Download the Report →
Data Labeling

Partner Spotlight: What Expert Annotators Actually Need to Do Their Best Work

This partner spotlight examines how People For AI (PFAI) builds, trains, and retains expert annotation teams for enterprise AI data programs. It covers annotator selection and onboarding, automation and human review integration, mid-project ambiguity handling, tiered QA, and the operational model behind sub-5% annotator turnover.

Table of contents

AI Summary

  • The difference between good and bad annotation programs is visible before a single label is produced - in how much time is spent defining the task upfront.
  • Domain knowledge matters, but the ability to understand a task, calibrate to the required precision, and hold the right speed is what separates reliable annotators from unreliable ones.
  • Automation accelerates annotation only when a rigorous human correction layer follows - pre-annotation without it propagates model errors directly into training data.
  • Handling mid-project ambiguity with a clear process - including the ability to remediate previously labeled data - keeps annotation programs from compounding early mistakes at scale.
  • PFAI retains annotators on permanent contracts with below 5% turnover, building institutional knowledge that transient crowd-sourced workforces cannot replicate.
  • End-to-end AI data services require infrastructure, automation, and human judgment working as a single system - stress-tested in a POC before full production.
  • Kili Technology provides the platform infrastructure that makes expert-led annotation scalable and auditable across the full data production lifecycle.

The conversation about AI data quality has shifted. For years, the default assumption was that more data — and cheaper data — was the path to better models. Crowd-sourced platforms, low-cost annotation pipelines, and sheer volume were the levers teams pulled.
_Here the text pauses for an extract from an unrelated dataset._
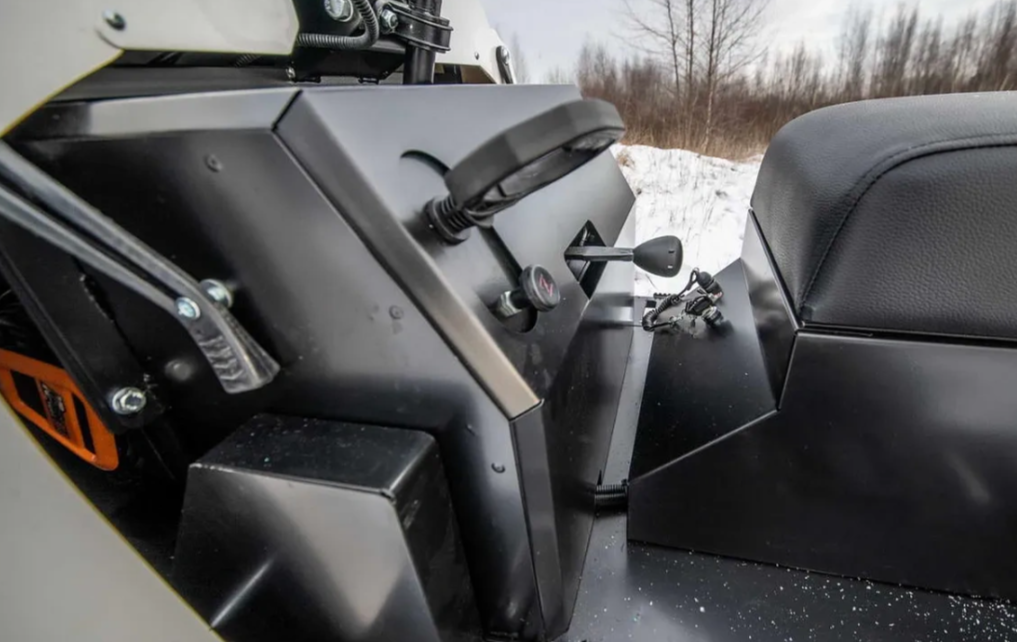 Снегоход АРКТИК 4Т 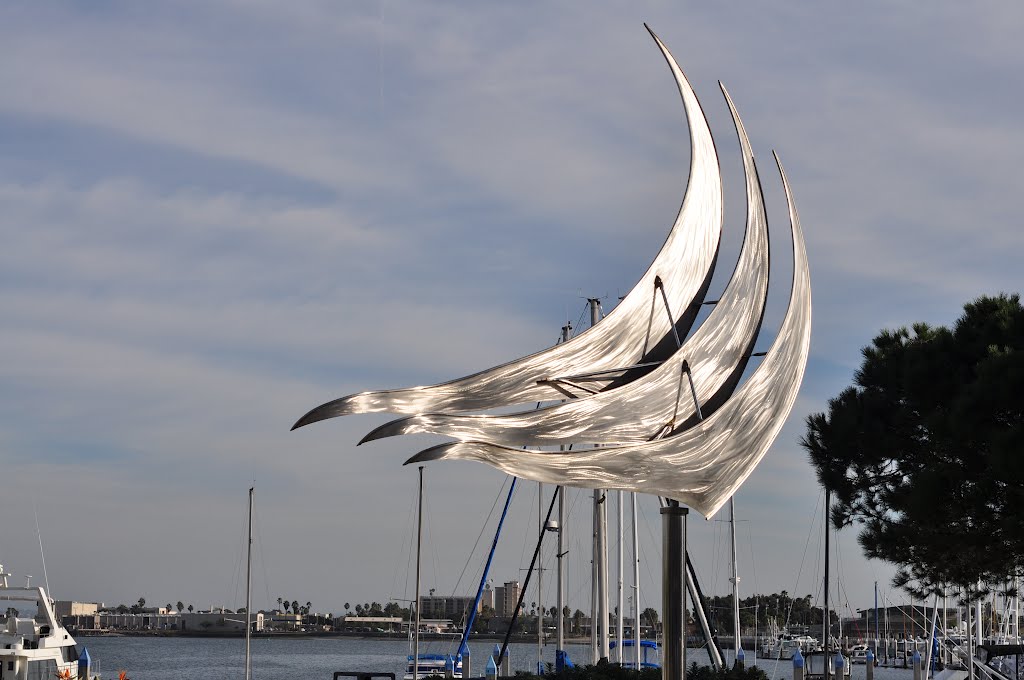 Sail sculpture at Park by the CYC on Glorietta Bay, Коронадо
The results were predictable: high error rates, model failures in production, and a growing realization that data labeling quality, not just data quantity, is the actual constraint on AI performance.

What that shift looks like in practice is what this article is about. We sat down with People for AI (PFAI), one of Kili Technology's strategic annotation service partners,¹ to talk through how they build, train, and retain the annotation teams that enterprise AI projects depend on — and what makes the difference between a labeling operation that produces reliable training data and one that doesn't.

¹ Kili Technology was named a G2 Momentum Leader for Spring 2026, recognized based on verified user reviews for its trajectory in the data labeling category.

Why Does What Happens Before Annotation Begin Matter More Than the Annotation Itself?

The case for prioritizing throughput is intuitive: faster labeling means faster model iteration. But PFAI's experience building annotation programs for complex enterprise datasets points to a different bottleneck entirely — one that appears before a single label is produced.

Their first questions when onboarding a new client are about the data itself: what kind of data needs to be annotated, whether annotated examples already exist, and whether annotation guidelines have been written. They also ask directly about the precision the project requires. Some projects demand extremely tight annotations; others are more tolerant and can trade some precision for speed. Understanding that tradeoff early is not a formality — it shapes every downstream decision about team composition, training, and QA.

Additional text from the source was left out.